**THE TASK**
Output, exactly as written, the lines below starting at the line containing "Cute pink and" and ending at the line containing "Volkswagen Golf GTI". Drop the pictures and keep both end lines.

==== DATA EXTRACT

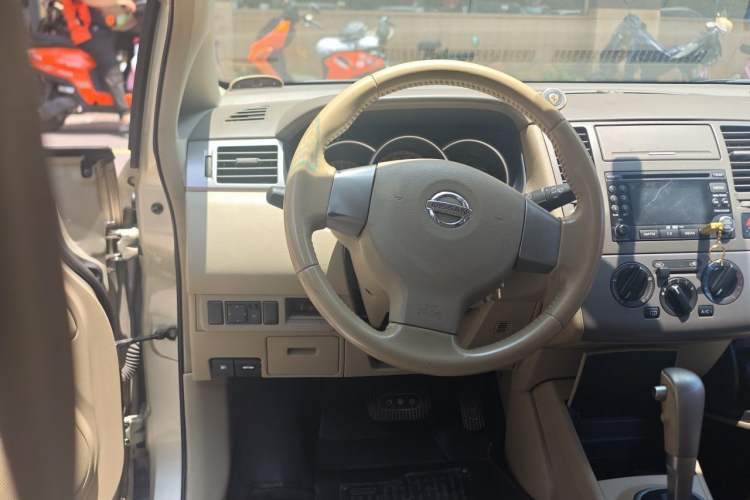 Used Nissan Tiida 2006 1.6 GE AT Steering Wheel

========
==== DATA EXTRACT

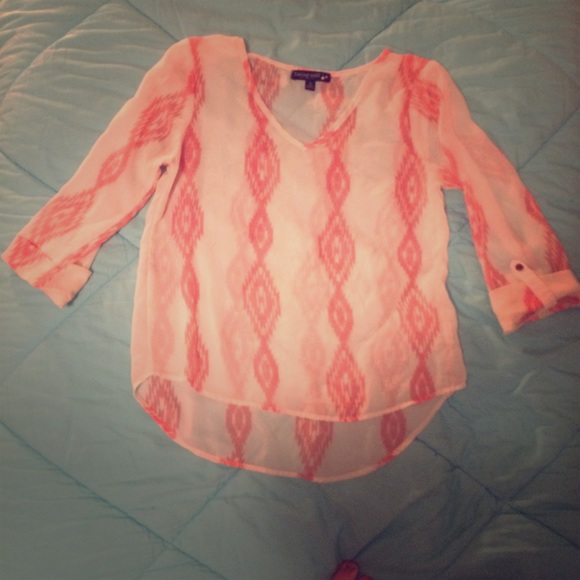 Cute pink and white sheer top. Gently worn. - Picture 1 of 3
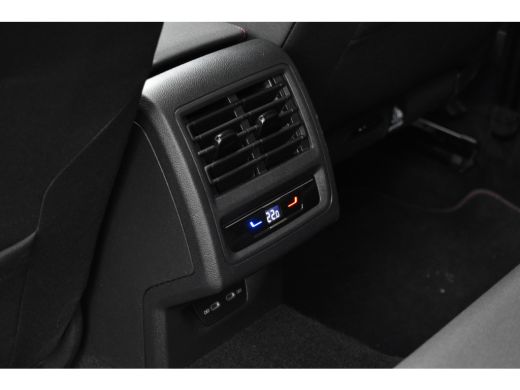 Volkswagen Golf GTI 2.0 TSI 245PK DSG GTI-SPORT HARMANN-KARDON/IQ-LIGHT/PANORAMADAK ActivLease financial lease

========
==== DATA EXTRACT

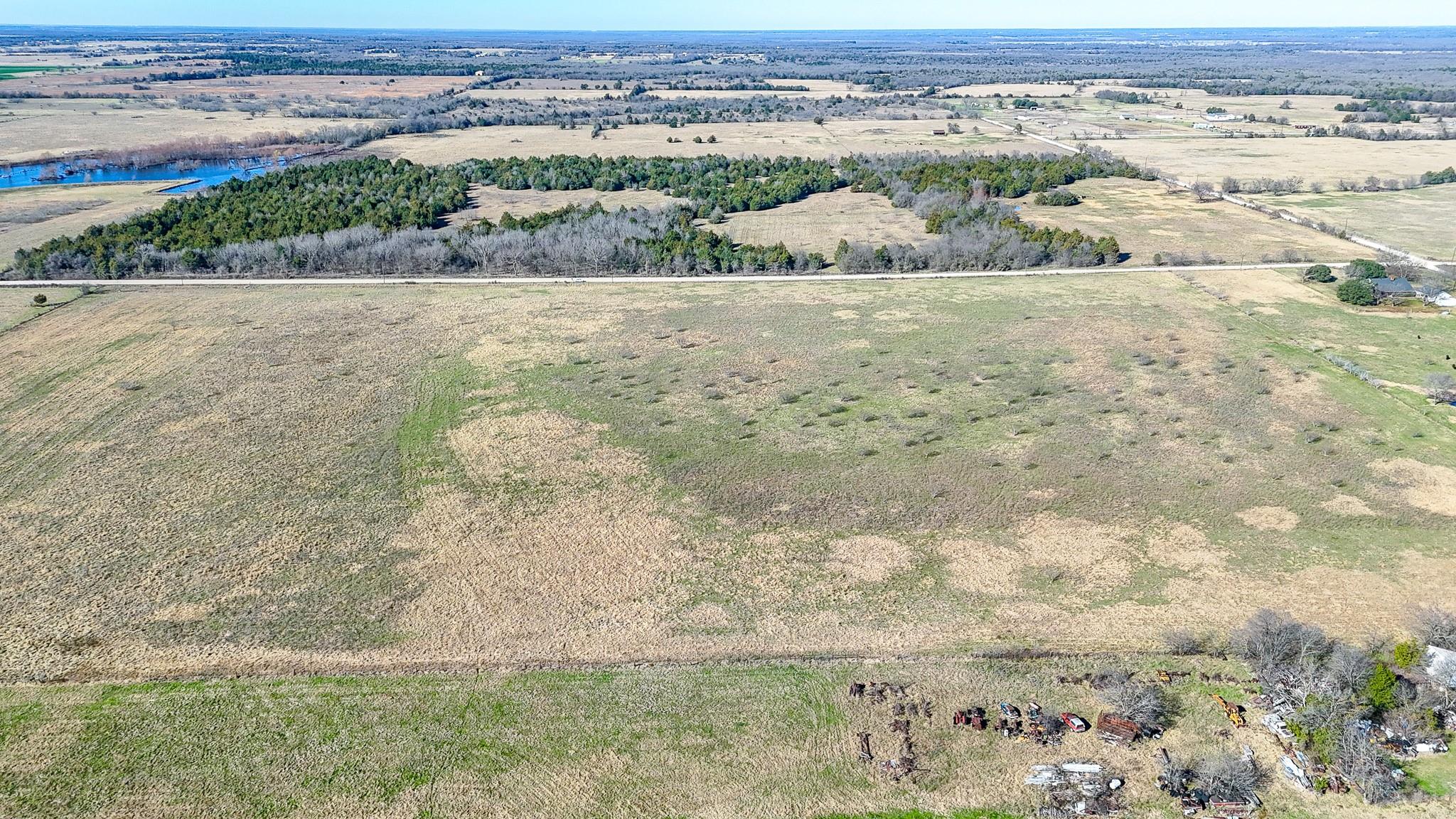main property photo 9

========

**ANSWER BOX**
 Cute pink and white sheer top. Gently worn. - Picture 1 of 3
 Volkswagen Golf GTI 2.0 TSI 245PK DSG GTI-SPORT HARMANN-KARDON/IQ-LIGHT/PANORAMADAK ActivLease financial lease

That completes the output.